I just picked-up three La Perla 5-packs samplers as a gift from cbid for les than $2 per stick. It goes to show you can get some very decent deals on good cigars. You just need to know where to look. Another place is the sprint sales at cigars.com, where just last month I got 10 Oliva G toros for $28.


----------



## DTPRB (May 15, 2013)

Id like to go to cbid I just know enough yet to trust myseld in the actual value of stuff id be bidding on.


----------



## TJB (Dec 10, 2012)

Padron 3000 maduro, surrogates tramp stamp, Arturo fuente don carlos, and when you develop a palate, padron 1964 anniversary maduro anything


----------



## Regiampiero (Jan 18, 2013)

DTPRB said:


> Id like to go to cbid I just know enough yet to trust myseld in the actual value of stuff id be bidding on.


Usually you'll have plenty of time to research a specific blend and size value on cbid. If you do it from a laptop, you can open two different windows, one for cbid and one for CI (Or any other website you normally shop from) so that you can compare the prices from one site to the other. The sprint sale from Cigar.com is a whole different story since you have about 30 to 60 seconds to make your decision. In ether case. If you can get name brand blends for around $3 per stick, you pull that trigger first and ask questions later. Wait...that's how I became a cigaraholic in the first place.
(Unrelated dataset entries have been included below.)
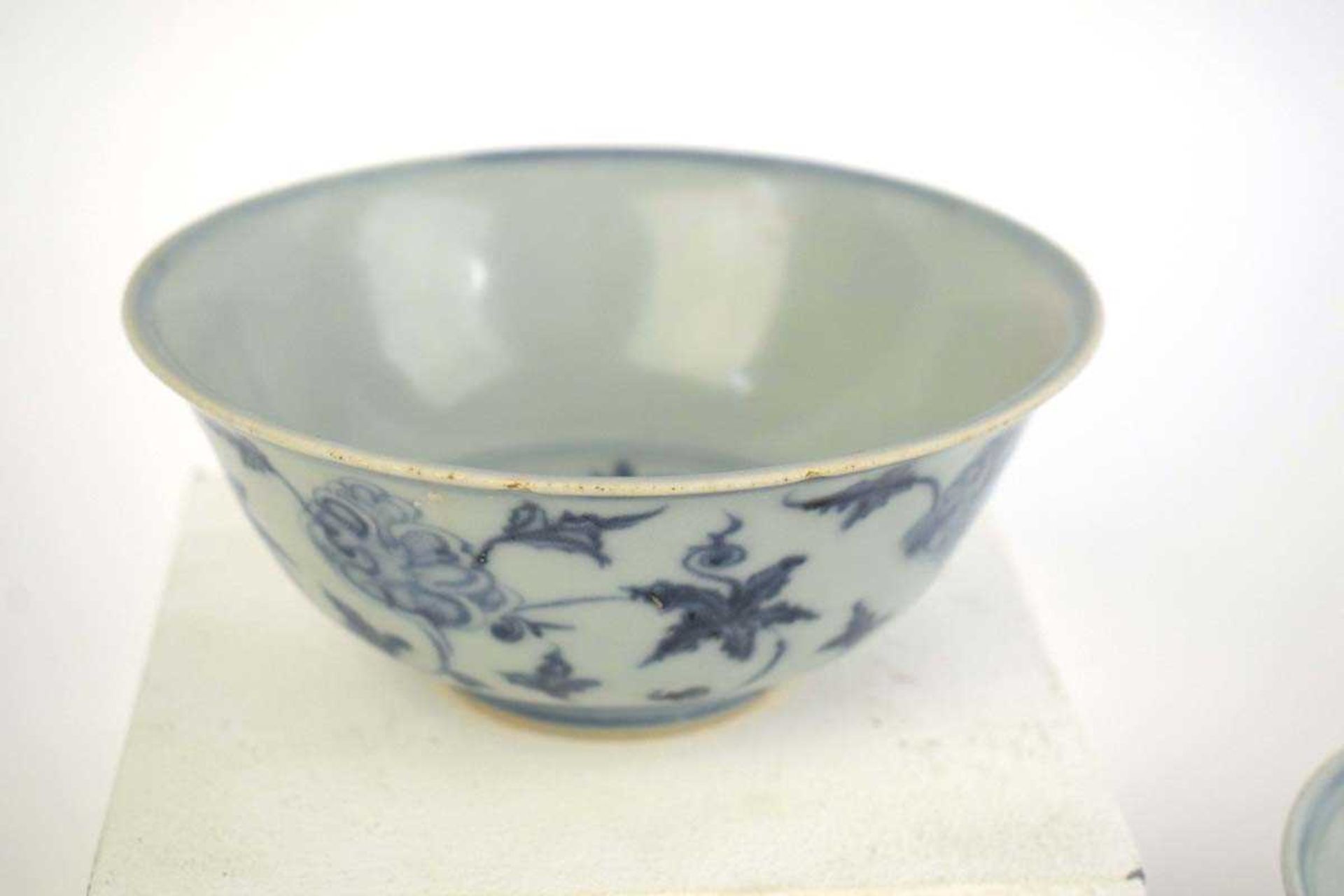 A Chinese blue and white bowl of flared form, externally decorated with scrolls of stylised - Image 4 of 22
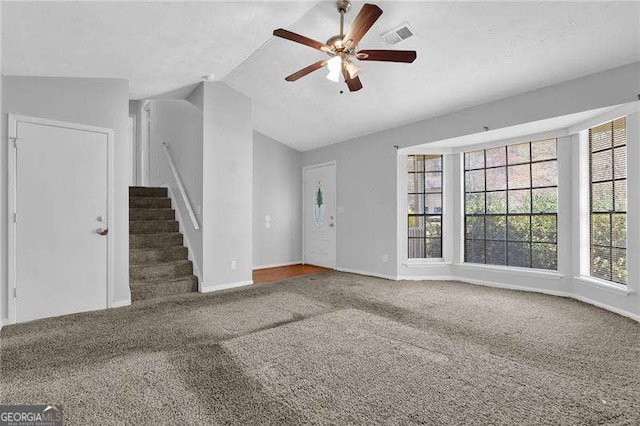 2895 Wildflower Ln, Snellville, GA 30039 - unfurnished living room with carpet, a ceiling fan, vaulted ceiling, and stairway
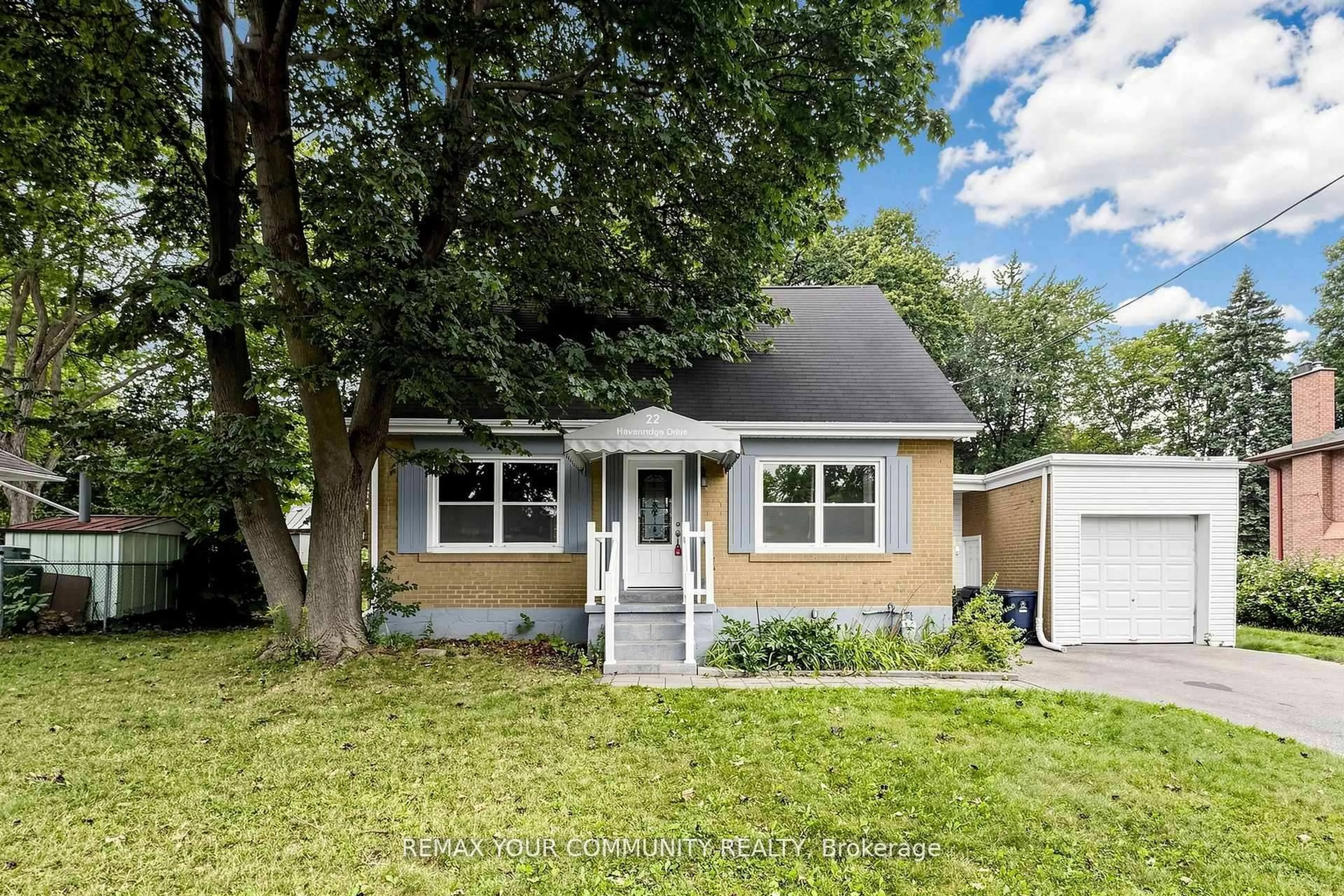 Home with vinyl exterior material, street for 22 Havenridge Dr, Toronto Ontario M9P 3M4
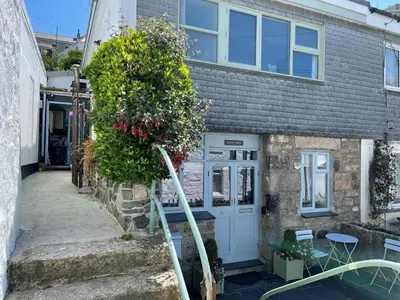 a house with a tree in front of it at Dolly - a peaceful retreat in St Ives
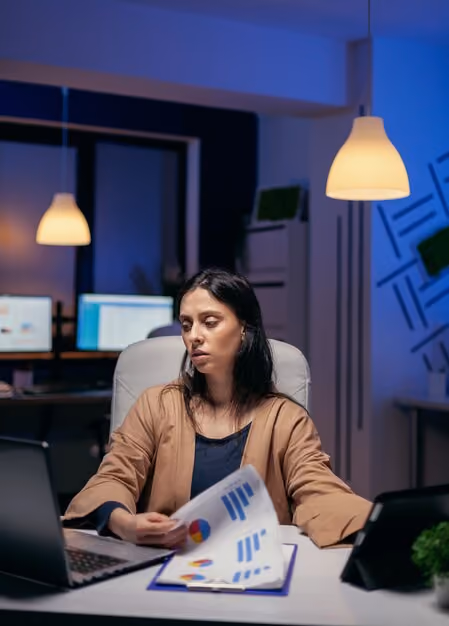Woman in a brown jacket working late at a desk with two laptops and holding papers showing charts and graphs in a dimly lit office with hanging lamps.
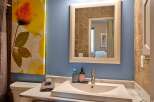 This bathroom features a modern white sink set into a marble countertop, complemented by a sleek chrome faucet.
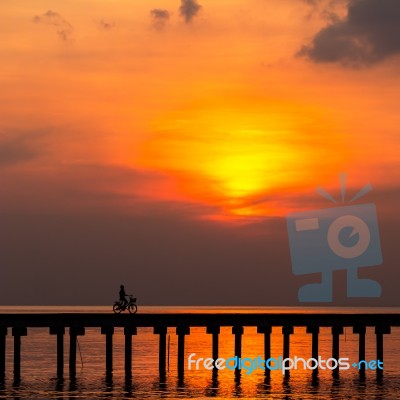 Silhouette Boy Ride Bicycle On The Bridge At Sunset Stock Photo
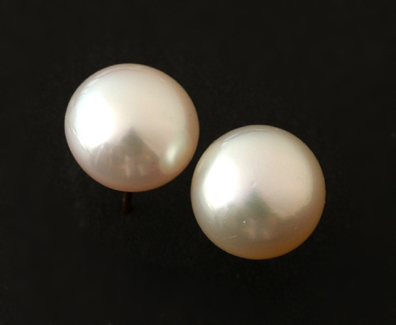 Appraisal: A pair of South Sea pearl earrings The round button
Maybe I'm not the best person to give that kind of advice! :smoke:


----------



## DTPRB (May 15, 2013)

Lol. I am new and already am really into it.


----------



## Nick1233 (May 17, 2013)

DTPRB said:


> Id like to go to cbid I just know enough yet to trust myseld in the actual value of stuff id be bidding on.


That's exactly how I feel! I think for now I'm going to take the suggestions and do a mix of online and local hunting. Lots of great advice, and it is greatly appreciated! The only downside to the suggestions is that now I'm going to need a bigger humidor :hmm:


----------



## DTPRB (May 15, 2013)

Nick1233 said:


> That's exactly how I feel! I think for now I'm going to take the suggestions and do a mix of online and local hunting. Lots of great advice, and it is greatly appreciated! The only downside to the suggestions is that now I'm going to need a bigger humidor :hmm:


Yeah. I bought a small humidor and now need a bigger one


----------



## djsmiles (Aug 4, 2012)

Nica Libre. Box's can be had for about $30. And they are very tasty.


----------



## ghe-cl (Apr 9, 2005)

For a mild smoke, the Private Stock long filler line from Davidoff is a low-priced, quality cigar. Also, visit some of the Milwaukee B&Ms.


----------



## Nick1233 (May 17, 2013)

I was planning on it, I have off the next couple of days and planned on doing some browsing before I hit the lake for some fishing. I think I may pick up a 6-pack or two from FSS, it seems like that is the way to go since there are a few that feature multiple recommendations from this thread. Plus the pricing isn't bad and it seems that most are around $5/stick.


----------



## Questionablesanity (Jul 24, 2012)

I don't know if these are as cheap as you are wanting but here are my suggestions on ~$7 or less smokes:

Oliva: O or G are usually on the cheap side
Perdomo: Champagne, Noir, and the 20th anniversary stuff
Padron: The X000s are awesome and the Londres are great cheap smokes

These are some of my favorite cheaper smokes. In my opinion things really open up in the $10 to $13 range. I do not really have a lot of experience higher than that though. 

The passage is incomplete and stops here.